I will not take advantage of this opportunity...

Welcome to all of you! 

Tis a fine shippin crew...arrrgh.


----------



## Guest (Nov 14, 2004)

Hi and welcome to elf,

Where the heck were you? Jump on board and get to work!


----------



## dai (Jul 2, 2004)

congratulations to all


----------



## mimo2005 (Oct 2, 2004)

congrat to all ,you deserve it ,keep it up .
let s kill al the bugs :4-gost:


----------



## blackduck30 (Sep 7, 2004)

I thought I seen a few new colours around the posts, Congratulations you guys deserve it as you have put in some great work, ray: ,


----------



## Chevy (Jul 25, 2003)

jgvernonco said:


> Do *not* leave yourself open like that!
> 
> I will not take advantage of this opportunity...
> 
> ...



Man, can't deal the death blow?
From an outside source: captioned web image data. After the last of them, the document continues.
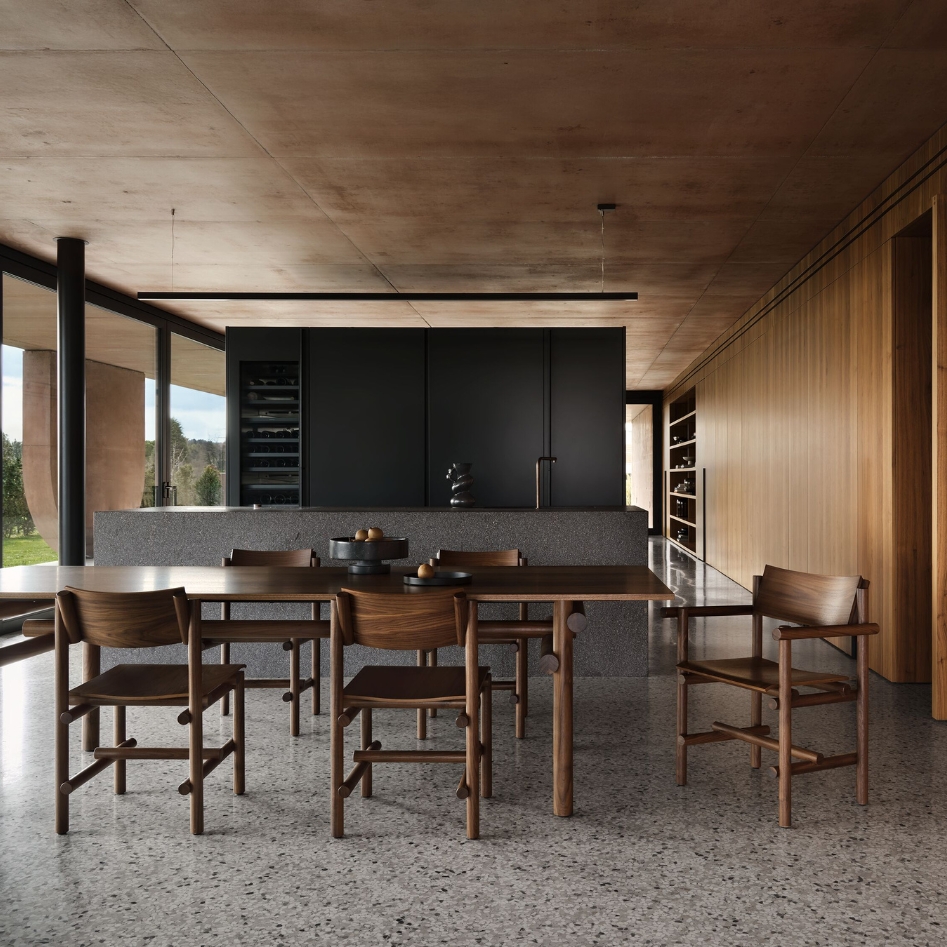 Muecke Wood Collection – Chair Muecke Wood Collection – Chair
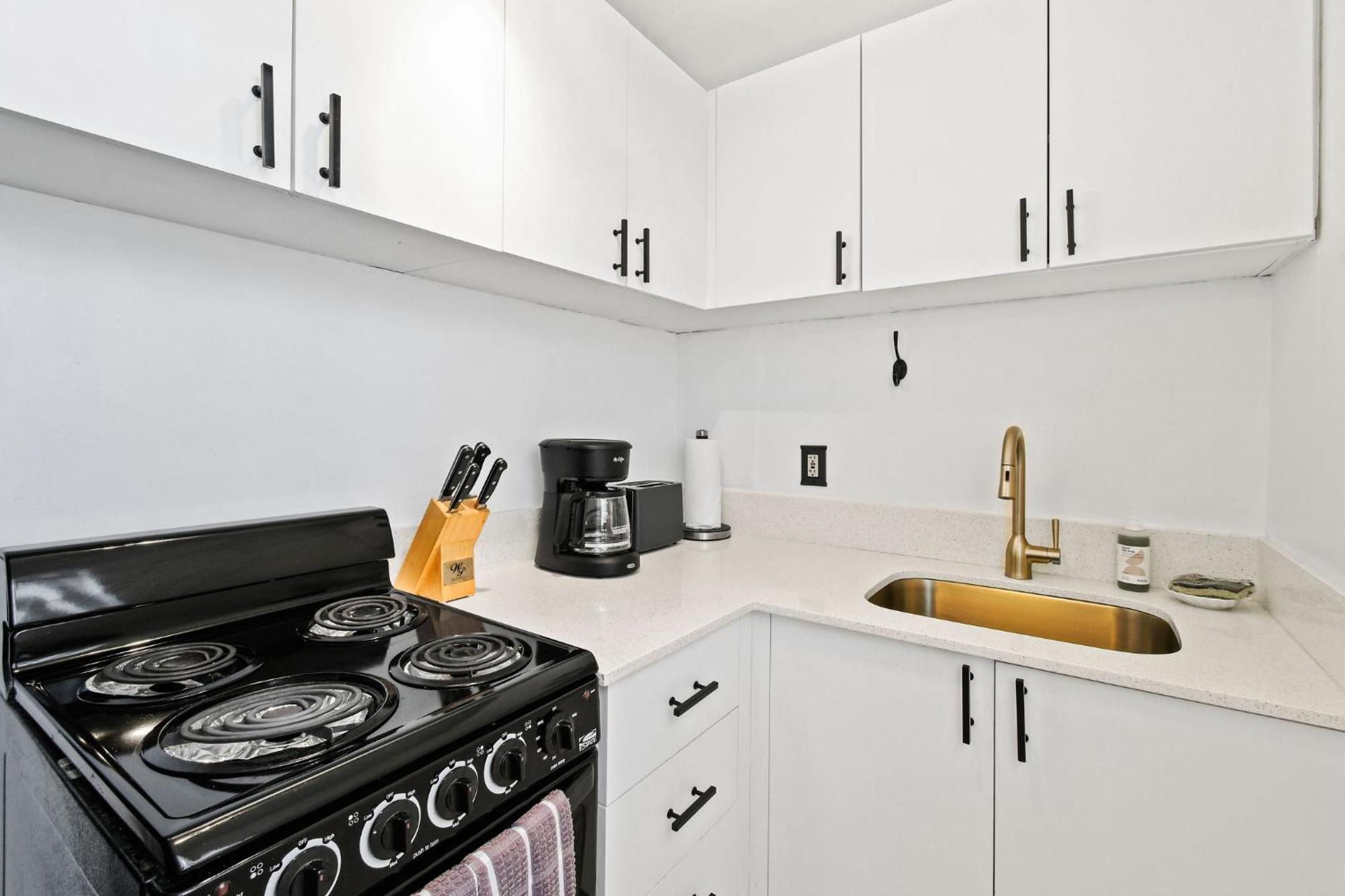 Sunshine Shores Boutique Apartments Палм Бийч Шорс Екстериор снимка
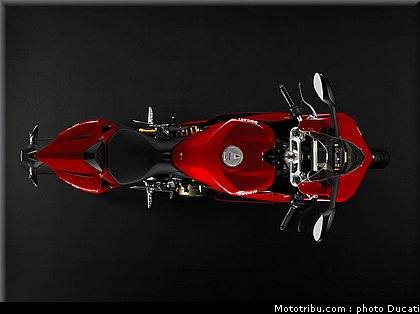 ducati_1199_panigale_022_2012.jpg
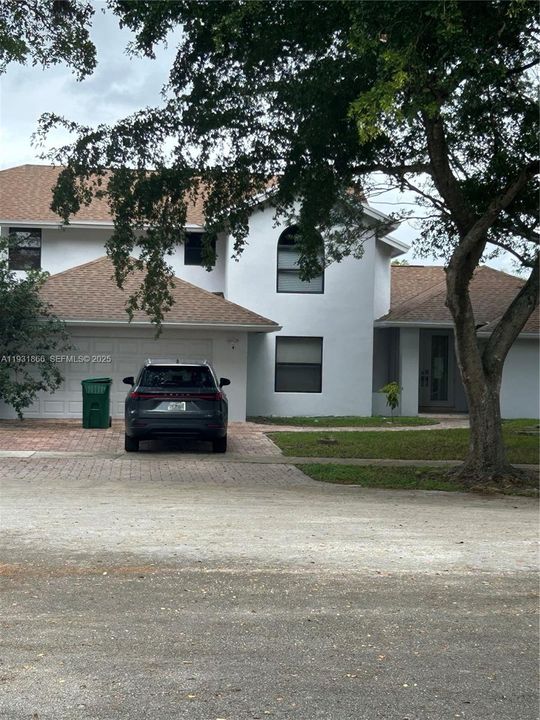 En Venta: $1,100,000 (4 camas, 3 baños, 2480 Pies cuadrados)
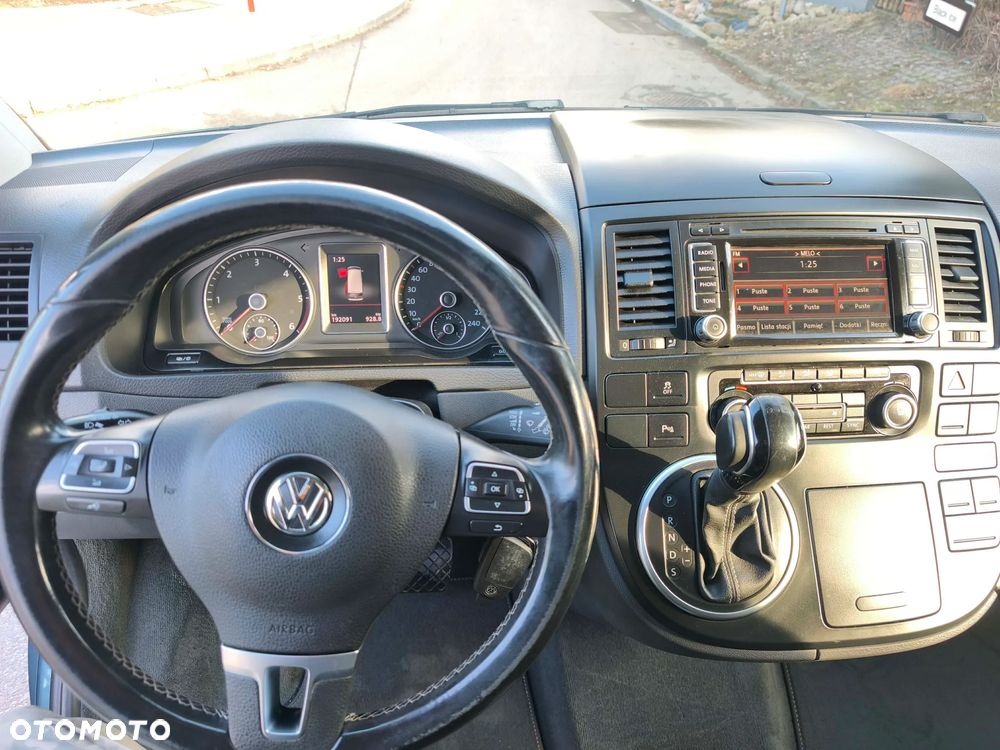 Volkswagen Multivan - 7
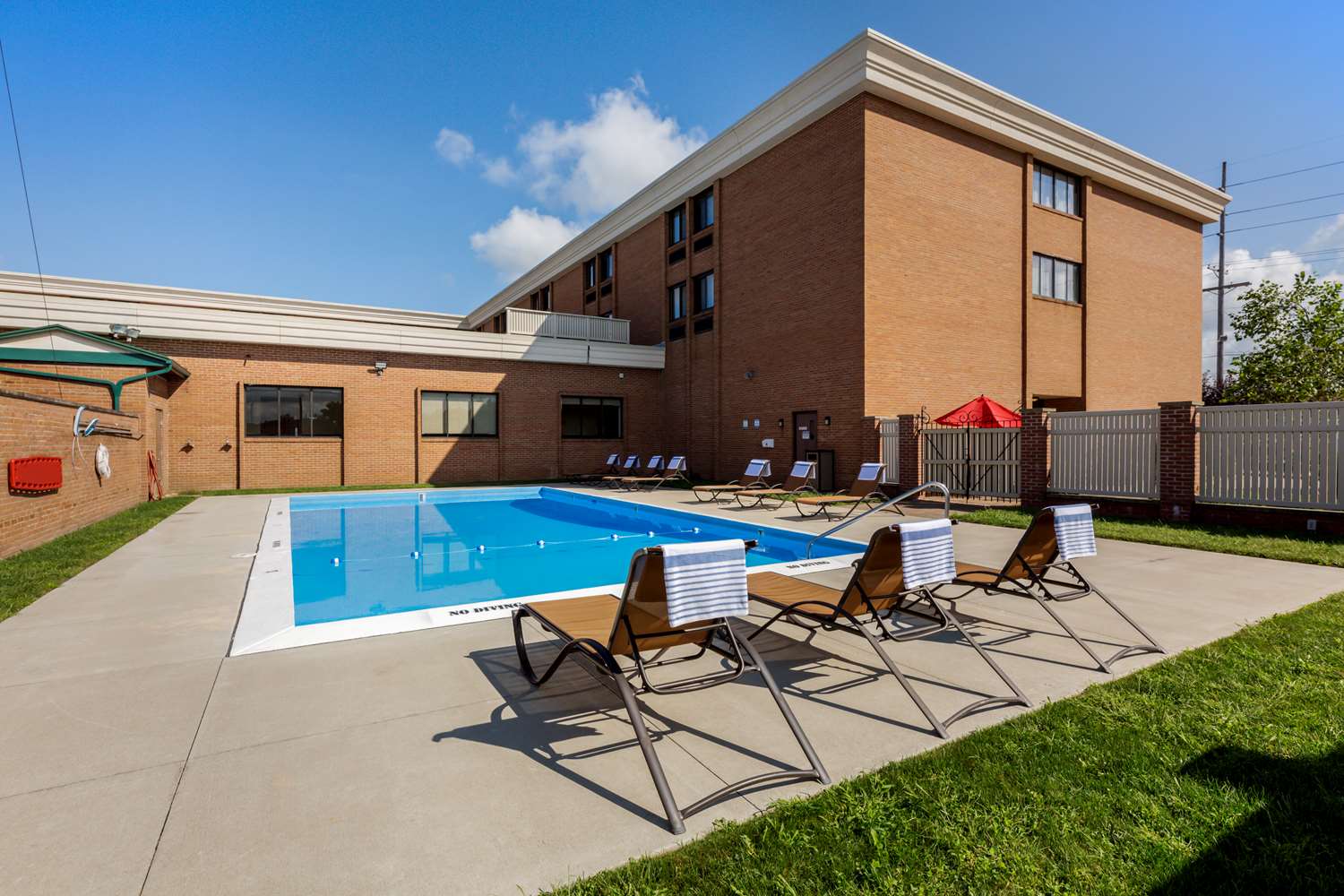 Best Western Plus Wooster Hotel & Conference Center 48/48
How disappointing ..


----------



## Volt-Schwibe (Jan 12, 2003)

Chevy said:


> When do I get my sceptre?



like a moon sceptre?

so you can chant "moon sceptre elimination!" and twirl around and shoot a beam of energy at hideous creatures from another time and dimension, blasting them into a puff of dust? _(followed by your friend waking up out of the evil trance the creature had them under and thanking you for saving her life, and then your talking cat walks up and makes fun of you for thinking you couldn't handle it)_


yeah, that would be neat. i want a sceptre too
(sorry, it's a cartoon reference, i just can't control myself sometimes)


----------



## Chevy (Jul 25, 2003)

Ok, Ok .... no sceptre ...

Badge of Office?

I.D. Card?

Nametag?

Monnogrammed Hanky?


----------



## idtent (Aug 13, 2003)

(Stumbling around forums to find announcement)

Congrats to all and thanks to everyone. 
Looking forward to doing what I can!


----------



## bry623 (Apr 8, 2002)

Congrats to all!! It is nice to see some of the "old timers" get some accolades!


----------



## jgvernonco (Sep 13, 2003)

Chevy said:


> Ok, Ok .... no sceptre ...
> 
> Badge of Office?
> 
> ...



Scarlet letter. Hasn't Enrique, the tatoo guy, gotten to you, yet?

I met Enrique when he was doing time, and he does great tats! He's OK, for a kidnapper...

Make sure you supply the pen, as you never know where his have been...


----------



## Chevy (Jul 25, 2003)

jgvernonco said:


> Scarlet letter. Hasn't Enrique, the tatoo guy, gotten to you, yet?
> 
> I met Enrique when he was doing time, and he does great tats! He's OK, for a kidnapper...
> 
> Make sure you supply the pen, as you never know where his have been...



lol .... I'm working on a new tat ... Patriots Logo, over the stadium logo, with a 36 and 38 below ... with room for more numbers, of course.


----------